THE DATA:
• • • •
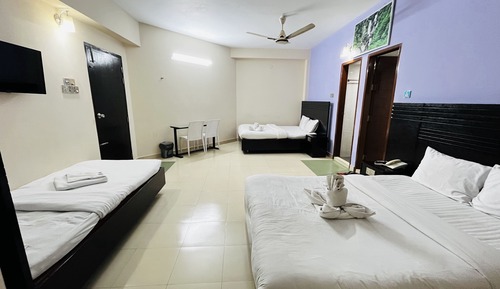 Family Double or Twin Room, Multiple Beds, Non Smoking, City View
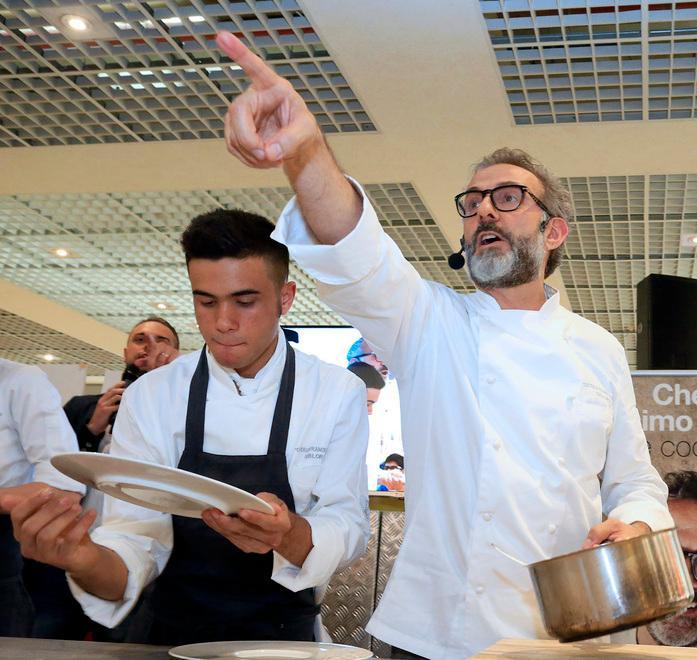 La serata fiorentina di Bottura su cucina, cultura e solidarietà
• • • •
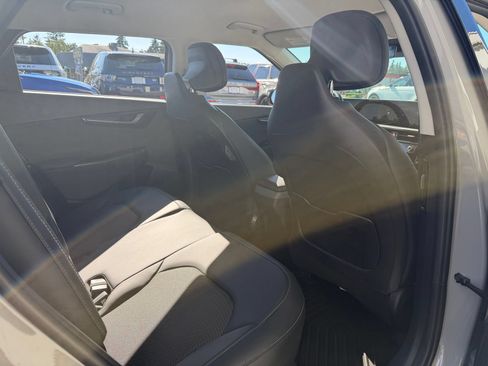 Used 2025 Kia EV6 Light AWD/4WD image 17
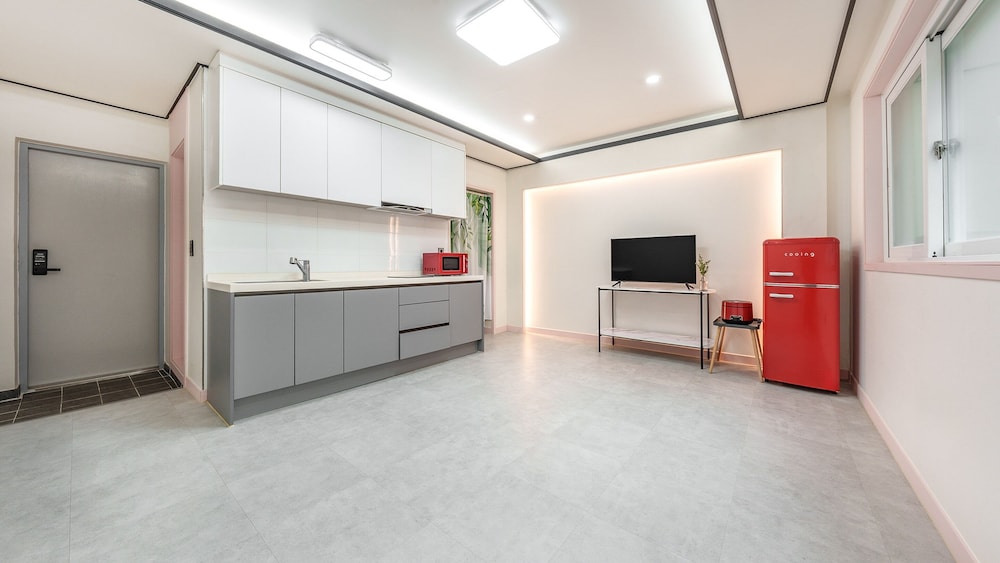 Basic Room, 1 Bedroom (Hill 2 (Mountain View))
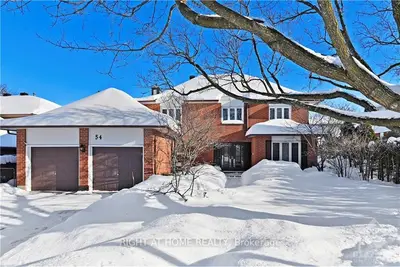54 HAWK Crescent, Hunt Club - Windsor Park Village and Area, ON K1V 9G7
• • • •
REQUIREMENT: Each line above from the one containing "Family Double or" through the one containing "La serata fiorentina" is to be returned verbatim. Nothing else, and no pictures.

SOLUTION FOR THIS PROBLEM:
 Family Double or Twin Room, Multiple Beds, Non Smoking, City View
 La serata fiorentina di Bottura su cucina, cultura e solidarietà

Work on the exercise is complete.